# Assigned task
When scanning the data, count every line with "Auto" in it, and report only the resulting number.

Source data:
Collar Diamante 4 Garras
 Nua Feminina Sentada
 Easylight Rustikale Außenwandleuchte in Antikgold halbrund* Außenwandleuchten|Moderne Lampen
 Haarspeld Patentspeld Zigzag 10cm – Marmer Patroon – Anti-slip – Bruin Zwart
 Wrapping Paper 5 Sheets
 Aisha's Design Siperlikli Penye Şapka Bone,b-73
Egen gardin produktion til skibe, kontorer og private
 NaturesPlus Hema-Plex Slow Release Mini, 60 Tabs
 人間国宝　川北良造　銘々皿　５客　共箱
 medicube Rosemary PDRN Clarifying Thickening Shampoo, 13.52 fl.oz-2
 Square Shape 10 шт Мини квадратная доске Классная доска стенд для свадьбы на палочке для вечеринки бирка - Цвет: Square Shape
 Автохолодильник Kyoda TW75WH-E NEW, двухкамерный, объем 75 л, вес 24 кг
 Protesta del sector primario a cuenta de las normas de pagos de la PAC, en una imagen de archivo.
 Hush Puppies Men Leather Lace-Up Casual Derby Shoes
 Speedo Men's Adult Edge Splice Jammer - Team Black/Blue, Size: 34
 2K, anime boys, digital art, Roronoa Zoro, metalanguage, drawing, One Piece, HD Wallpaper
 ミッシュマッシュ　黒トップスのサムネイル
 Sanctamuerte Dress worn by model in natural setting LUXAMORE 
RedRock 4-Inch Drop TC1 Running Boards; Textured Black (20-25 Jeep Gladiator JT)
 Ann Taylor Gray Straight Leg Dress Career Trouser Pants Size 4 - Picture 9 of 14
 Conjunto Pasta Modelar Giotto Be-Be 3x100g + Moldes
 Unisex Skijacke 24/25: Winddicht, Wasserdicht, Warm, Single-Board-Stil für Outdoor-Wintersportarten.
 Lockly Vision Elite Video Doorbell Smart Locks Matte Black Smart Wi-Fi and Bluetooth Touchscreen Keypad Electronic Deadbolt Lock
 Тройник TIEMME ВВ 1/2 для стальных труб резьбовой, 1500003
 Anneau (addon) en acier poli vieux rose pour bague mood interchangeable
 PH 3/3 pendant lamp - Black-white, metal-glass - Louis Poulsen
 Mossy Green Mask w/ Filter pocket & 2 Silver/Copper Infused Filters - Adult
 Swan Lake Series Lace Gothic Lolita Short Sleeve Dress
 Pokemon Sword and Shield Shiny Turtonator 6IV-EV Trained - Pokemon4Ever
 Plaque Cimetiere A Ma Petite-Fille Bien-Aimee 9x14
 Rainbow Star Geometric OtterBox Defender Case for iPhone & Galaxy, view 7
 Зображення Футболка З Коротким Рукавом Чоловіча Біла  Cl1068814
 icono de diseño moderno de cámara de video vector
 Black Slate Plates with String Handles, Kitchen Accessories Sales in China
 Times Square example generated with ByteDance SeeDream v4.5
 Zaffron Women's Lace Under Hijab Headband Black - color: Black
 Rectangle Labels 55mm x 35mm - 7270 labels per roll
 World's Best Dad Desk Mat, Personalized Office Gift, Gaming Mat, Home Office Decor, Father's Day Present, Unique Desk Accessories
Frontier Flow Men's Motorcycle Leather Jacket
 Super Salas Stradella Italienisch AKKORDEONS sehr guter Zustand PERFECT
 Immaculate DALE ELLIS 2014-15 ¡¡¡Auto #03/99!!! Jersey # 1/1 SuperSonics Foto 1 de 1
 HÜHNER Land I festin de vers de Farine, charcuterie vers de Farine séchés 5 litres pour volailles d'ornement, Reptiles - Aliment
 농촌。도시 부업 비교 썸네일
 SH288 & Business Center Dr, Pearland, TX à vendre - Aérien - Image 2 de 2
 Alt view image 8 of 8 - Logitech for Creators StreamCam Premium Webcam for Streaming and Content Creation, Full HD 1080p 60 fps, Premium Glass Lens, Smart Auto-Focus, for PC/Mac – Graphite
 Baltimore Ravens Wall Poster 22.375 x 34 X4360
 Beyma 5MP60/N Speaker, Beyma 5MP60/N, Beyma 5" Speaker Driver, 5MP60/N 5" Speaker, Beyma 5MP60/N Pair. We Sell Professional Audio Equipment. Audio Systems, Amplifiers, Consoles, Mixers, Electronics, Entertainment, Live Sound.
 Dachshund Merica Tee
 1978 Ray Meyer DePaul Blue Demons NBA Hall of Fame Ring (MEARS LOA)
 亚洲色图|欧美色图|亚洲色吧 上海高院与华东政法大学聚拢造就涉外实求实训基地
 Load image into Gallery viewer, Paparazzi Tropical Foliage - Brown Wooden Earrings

# Expected answer
2